What you should do
Once the pictures are set aside, transcribe each line of the listing exactly.

Extracted data
┄┄┄┄┄┄┄┄┄┄

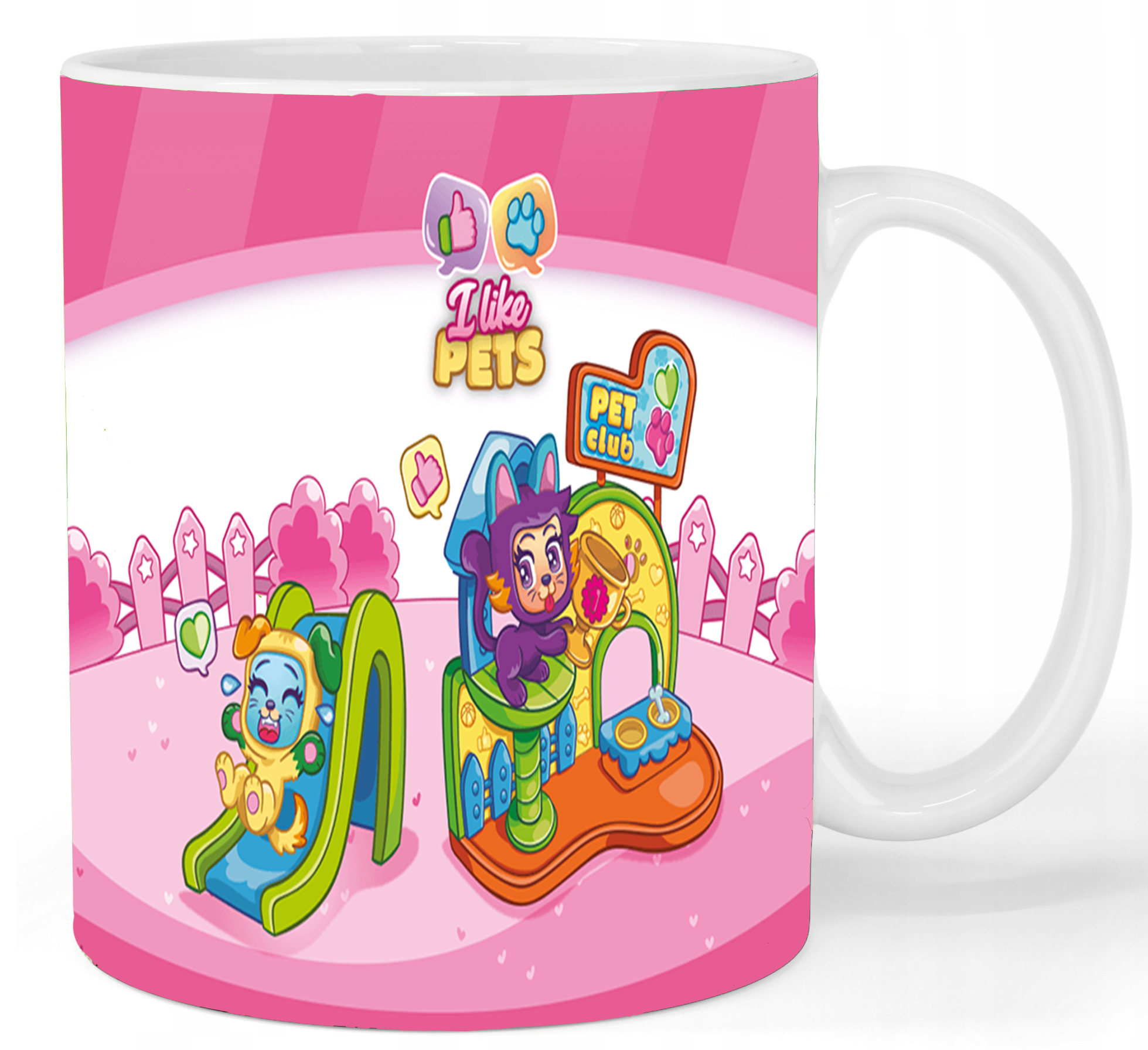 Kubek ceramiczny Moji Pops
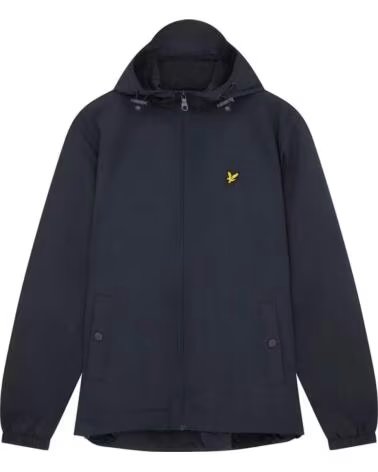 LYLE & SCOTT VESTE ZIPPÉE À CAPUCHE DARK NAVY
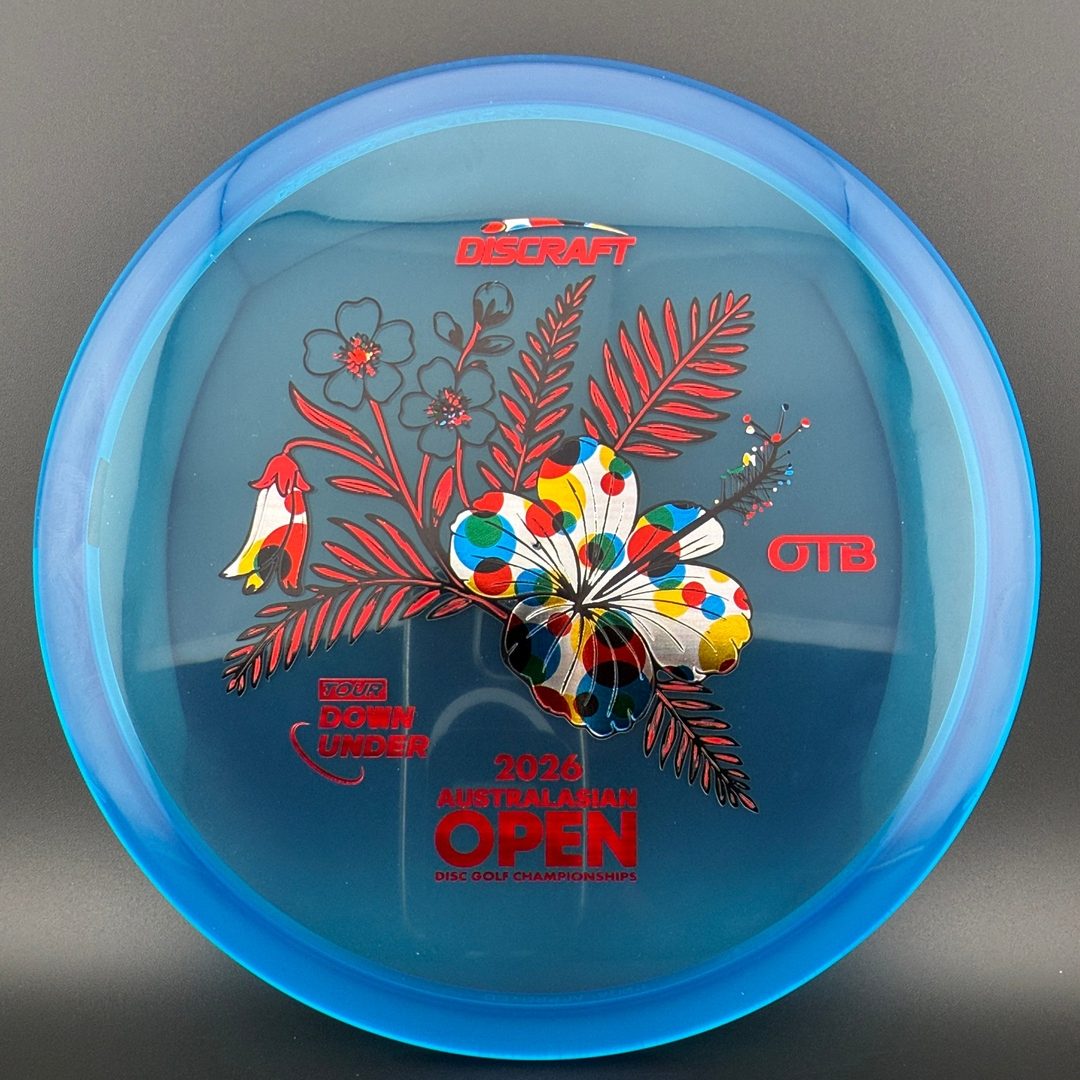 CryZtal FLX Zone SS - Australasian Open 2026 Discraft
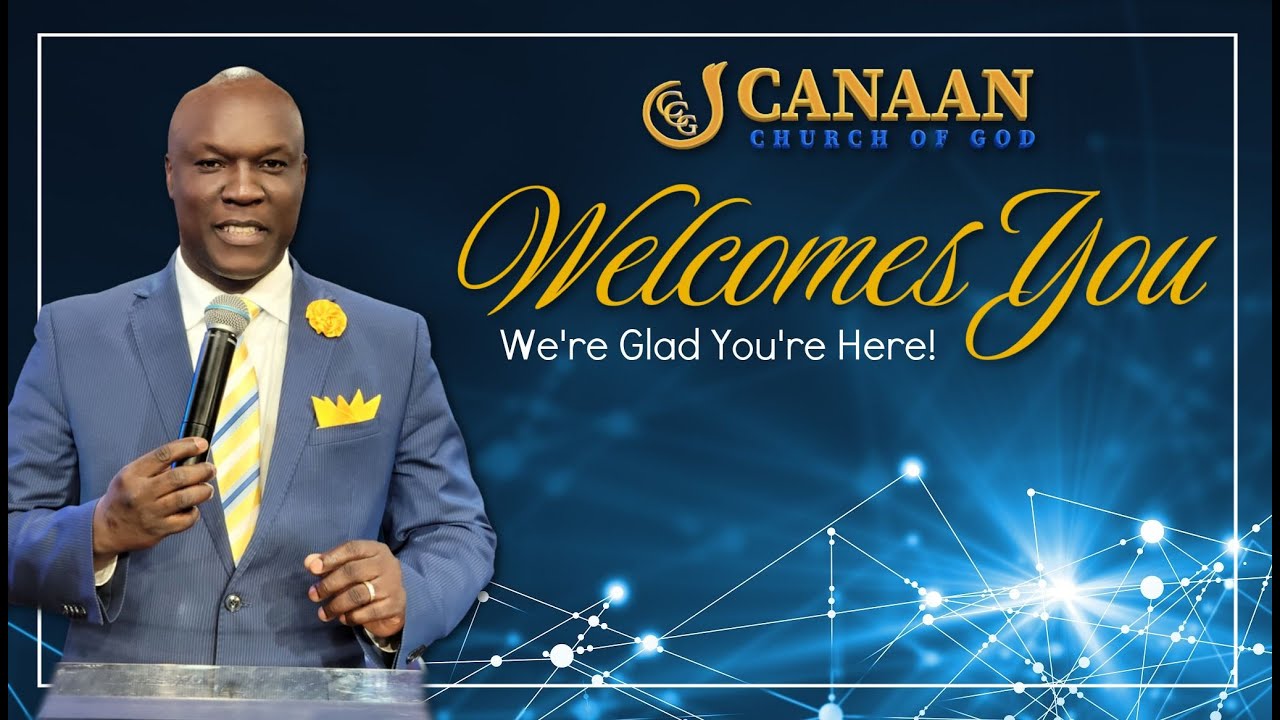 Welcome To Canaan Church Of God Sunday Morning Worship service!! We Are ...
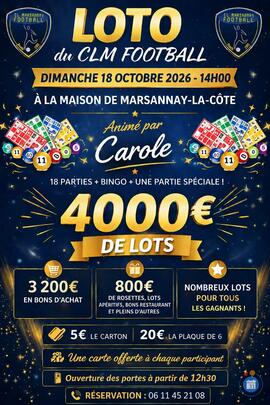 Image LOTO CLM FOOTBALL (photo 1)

┄┄┄┄┄┄┄┄┄┄

Problem solution
 Kubek ceramiczny Moji Pops
 LYLE & SCOTT VESTE ZIPPÉE À CAPUCHE DARK NAVY
 CryZtal FLX Zone SS - Australasian Open 2026 Discraft
 Welcome To Canaan Church Of God Sunday Morning Worship service!! We Are ...
 Image LOTO CLM FOOTBALL (photo 1)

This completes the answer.